▸ **INPUT FOR THIS TASK**:
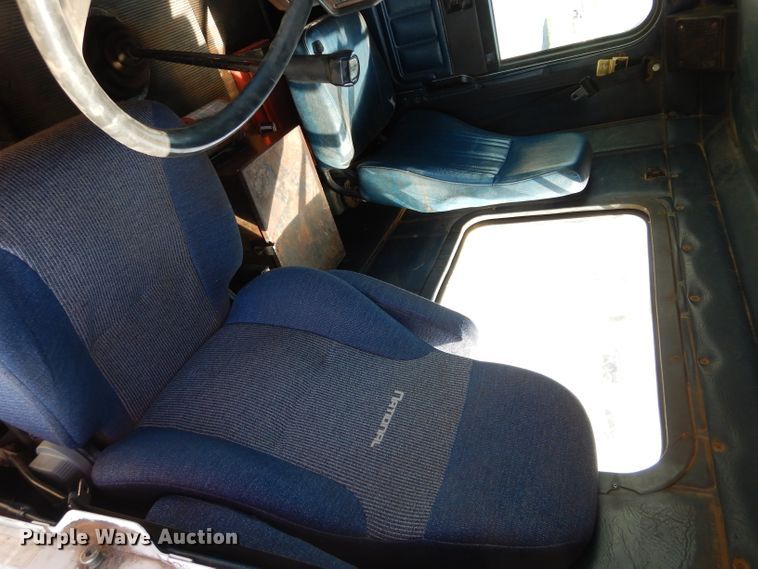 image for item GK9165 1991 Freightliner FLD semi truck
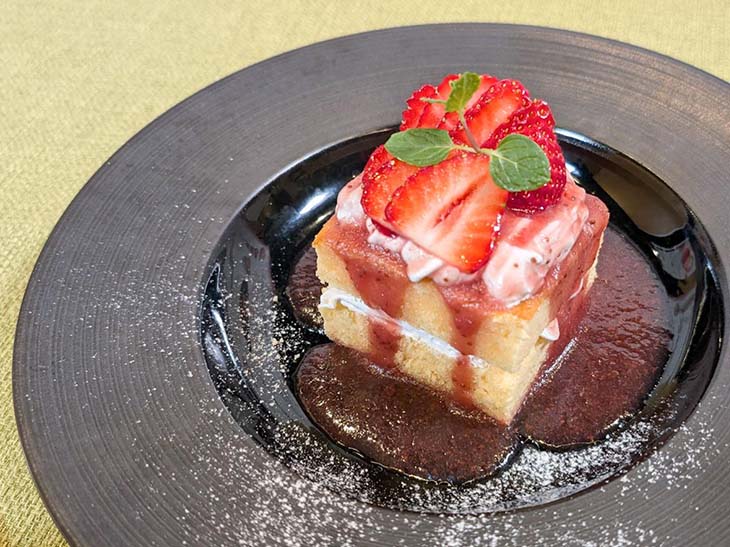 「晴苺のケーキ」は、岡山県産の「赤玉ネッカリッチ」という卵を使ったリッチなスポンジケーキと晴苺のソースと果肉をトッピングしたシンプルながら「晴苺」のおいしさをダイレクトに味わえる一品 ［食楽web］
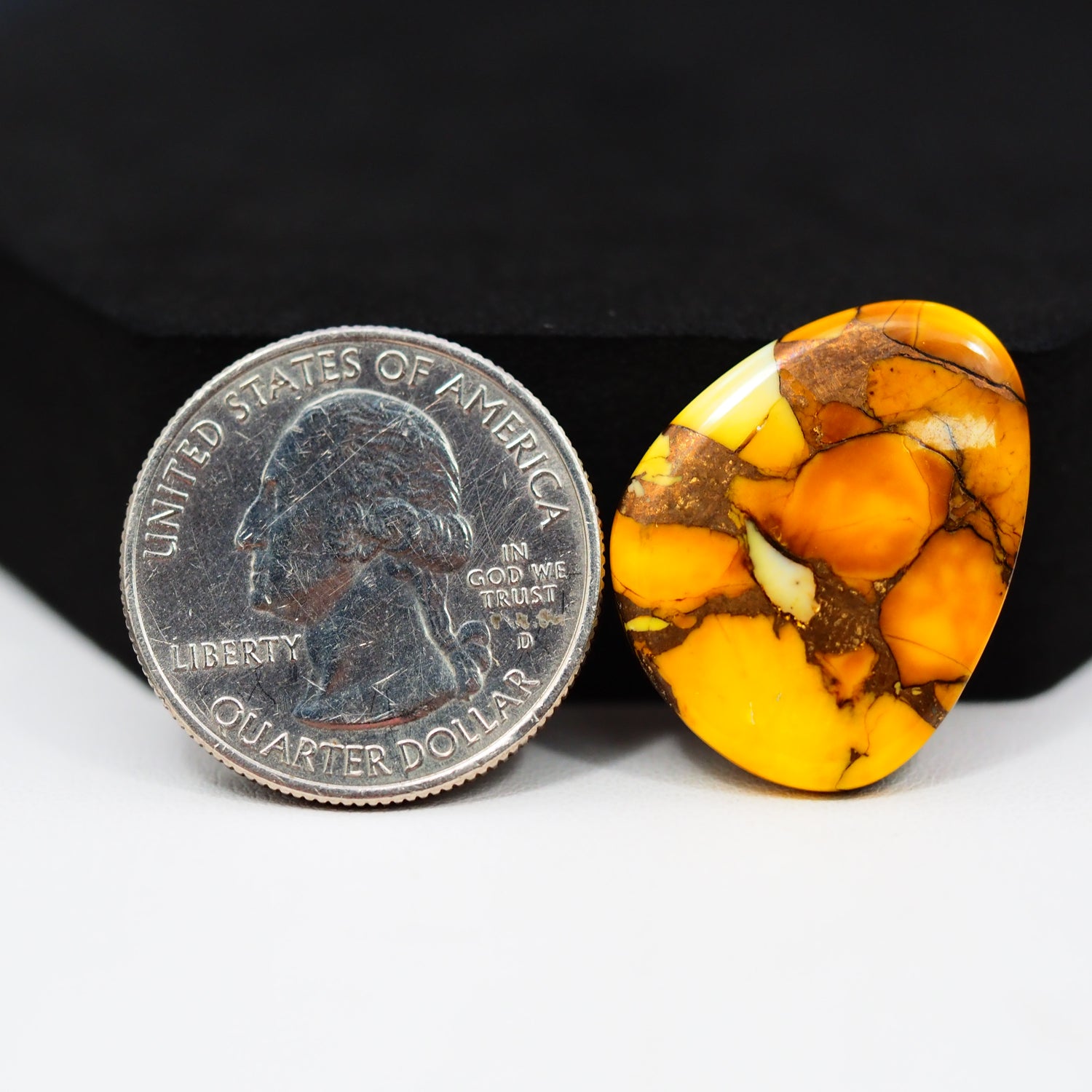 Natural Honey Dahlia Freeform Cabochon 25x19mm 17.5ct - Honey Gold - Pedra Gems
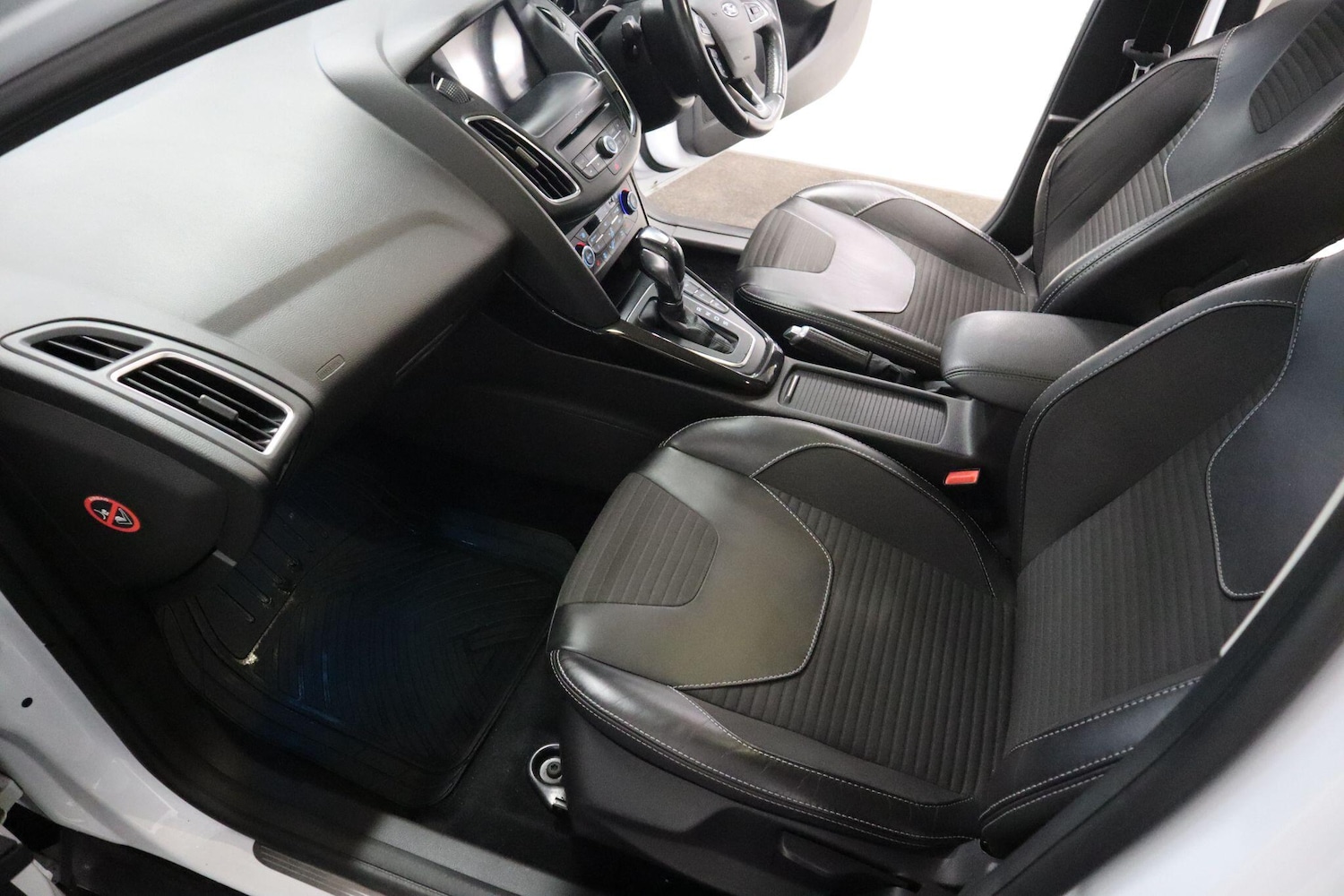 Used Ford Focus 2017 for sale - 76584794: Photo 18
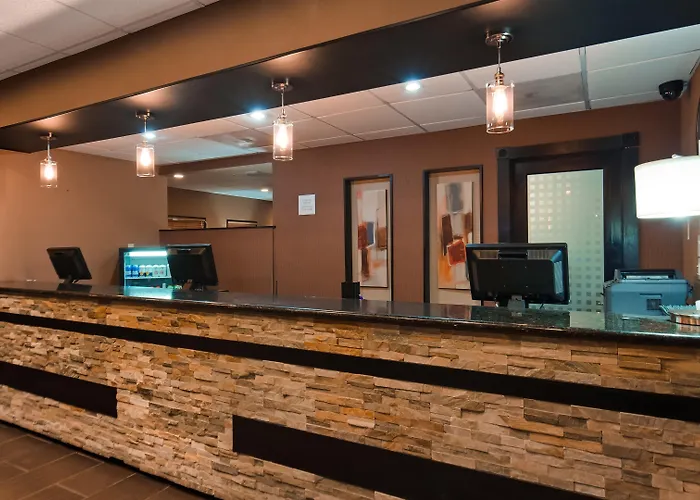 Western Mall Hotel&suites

▸ **WHAT YOU ARE ASKED TO DO**: Your reply is the full set of entries reproduced exactly, with images omitted.

▸ **RESULT OF THIS TASK**:
 image for item GK9165 1991 Freightliner FLD semi truck
 「晴苺のケーキ」は、岡山県産の「赤玉ネッカリッチ」という卵を使ったリッチなスポンジケーキと晴苺のソースと果肉をトッピングしたシンプルながら「晴苺」のおいしさをダイレクトに味わえる一品 ［食楽web］
 Natural Honey Dahlia Freeform Cabochon 25x19mm 17.5ct - Honey Gold - Pedra Gems
 Used Ford Focus 2017 for sale - 76584794: Photo 18
 Western Mall Hotel&suites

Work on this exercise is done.